Task Force Considers How County Should Control Growth and Urban Sprawl


One day after Ventura voters approved a measure limiting development on farmland, a special task force made up of city and county officials gathered Wednesday to re-examine the county’s growth policies.

More than 60 people--including residents, developers and farm representatives--participated in Wednesday’s task force meeting at the Ventura County Government Center. Task force members include County Supervisors Maggie Kildee and Judy Mikels and officials from all of the county’s 10 cities.

Much of the two-hour discussion centered on the county’s Guidelines for Orderly Development, a 26-year-old policy credited with preventing the same kind of urban sprawl that has overwhelmed the once agriculturally rich San Fernando Valley. The policy simply states that urban development should occur in and around existing cities.

As the meeting progressed, however, participants focused on what many considered the central issue: Should the county change its definition of “rural” zoning, which currently allows one house per acre. In contrast, agricultural zoning allows only one residence for every 40 acres.


Several participants said that the definition of rural is outdated, noting the proliferation of million-dollar ranch houses that have essentially turned the Santa Rosa Valley into an upscale subdivision over the last decade.

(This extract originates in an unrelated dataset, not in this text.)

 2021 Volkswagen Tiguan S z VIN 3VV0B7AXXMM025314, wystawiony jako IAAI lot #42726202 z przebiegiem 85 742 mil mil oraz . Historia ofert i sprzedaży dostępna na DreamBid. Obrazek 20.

“The main reason we’re here is because no one likes the one-acre definition of rural,” said Earl McPhail, the county’s agricultural commissioner.

“I think you have two choices,” McPhail told the task force. “You can either throw out ‘rural’ as a land-use designation. Or you can come up with a consensus of what rural really is in Ventura County in 1995.”

McPhail suggested a compromise between 1 and 40 acres for the new definition, perhaps one house for every 10 acres.

Others at the meeting suggested that different issues need to be addressed when allowing development in unincorporated areas of the county. Determining the cost to deliver police and fire services to new houses was cited as an example.

The creation of the task force was prompted by objections from the Assn. of Ventura County Cities--a committee of mayors--to a proposal that would allow a developer to build housing on 195 acres of farmland in Somis.

A divided Board of Supervisors approved Knightsbridge Holdings’ request last summer to apply at a later date to rezone its land from agriculture to rural, which would allow for the development of up to 189 houses. Supervisors Kildee and Susan Lacey objected to the request.

The Knightsbridge proposal has drawn angry protests from neighbors, who say that the housing project would overburden roads, schools and public safety services to the area.

Worse, they said, if the housing project is allowed to go forward it will open the floodgates for more development on agricultural land.

Clyde Pratt, a Somis resident who attended the meeting, said he was encouraged by the discussion.

“It’s not inevitable that all of Southern California end up like Los Angeles,” he said. “I’m very heartened to see people coming together and trying to arrive at a solution that at the end of the day . . . we can all be proud of--that this will be a great place to live.”

The task force has scheduled a second meeting at the Government Center for Nov. 14 from 4 to 6 p.m.